Article 111-3 du Code pénal : « Nul ne peut être puni pour un crime ou un délit dont les éléments ne sont pas définis par la loi, ou pour une contravention dont les éléments ne sont pas définis par le règlement. »
III. Définitions
Le principe de légalité a deux acceptions :
La légalité formelle renvoie au fait que les infractions pénales doivent être définies par la loi au sens strict. Cela s’explique principalement par la légitimité de la loi, votée par les représentants élus du peuple {6}.
La légalité matérielle désigne le fait que les infractions pénales et les peines doivent être précisément et clairement définies. Ainsi, le citoyen doit savoir avant d’agir ce qui est autorisé ou interdit et ce qu’il encourt s’il enfreint la règle. En ce sens, la légalité matérielle est à la fois une garantie de la liberté individuelle et une matérialisation de la fonction dissuasive du droit pénal (pouvoir d'intimidation de la sanction). C’est en ce sens que l’on entend généralement le principe de légalité criminelle.
Autrement dit, la légalité formelle désigne la source textuelle (ce doit être une loi) alors que la légalité matérielle désigne le contenu du texte, sa qualité (il doit être clair et précis).
A. La légalité formelle (la loi doit être la source du droit pénal)
En écho aux articles 34 et 37 de la Constitution de la Vè République sur la répartition entre le domaine réglementaire et le domaine législatif, l’article 111-2 du Code pénal dispose que « la loi détermine les crimes et délits et fixe les peines applicables à leurs auteurs. Le règlement détermine les contraventions et fixe, dans les limites et selon les distinctions établies par la loi, les peines applicables aux contrevenants ».

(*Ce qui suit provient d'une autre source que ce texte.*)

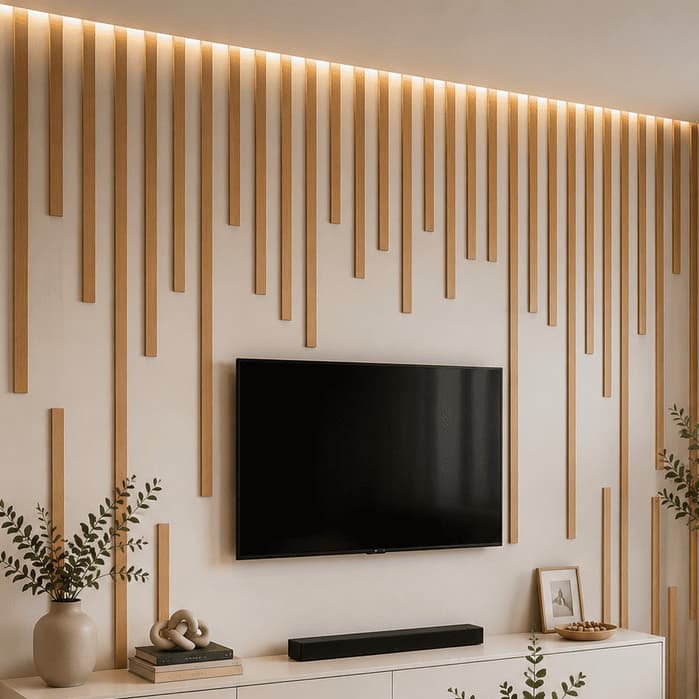 Boiserie Painel Ripado MDF Madeira 120x5cm Kit Ripas Parede Shiplap Lambril Sala Quarto Loja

NB : Pour autant, il peut arriver que la loi fixe la définition générale de l’infraction, renvoyant au règlement pour les éléments techniques de la définition. Par exemple : Article 222-41 du Code pénal « Constituent des stupéfiants au sens des dispositions de la présente section les substances ou plantes classées comme stupéfiants en application de l'article L. 5132-7 du code de la santé publique », article du Code de la santé publique qui renvoie lui-même à un arrêté du Ministre de la santé. |
Toutefois, le juge doit parfois interpréter la loi pénale pour pouvoir l’appliquer concrètement. Deux principes d’interprétation s’appliquent :
L’interprétation stricte
L’article 111-4 du Code pénal dispose que : « La loi pénale est d'interprétation stricte ». Aussi, il convient de ne pas adopter une interprétation extensive pour réprimer des faits non expressément prévus par la loi. Le raisonnement par analogie n’est donc pas applicable.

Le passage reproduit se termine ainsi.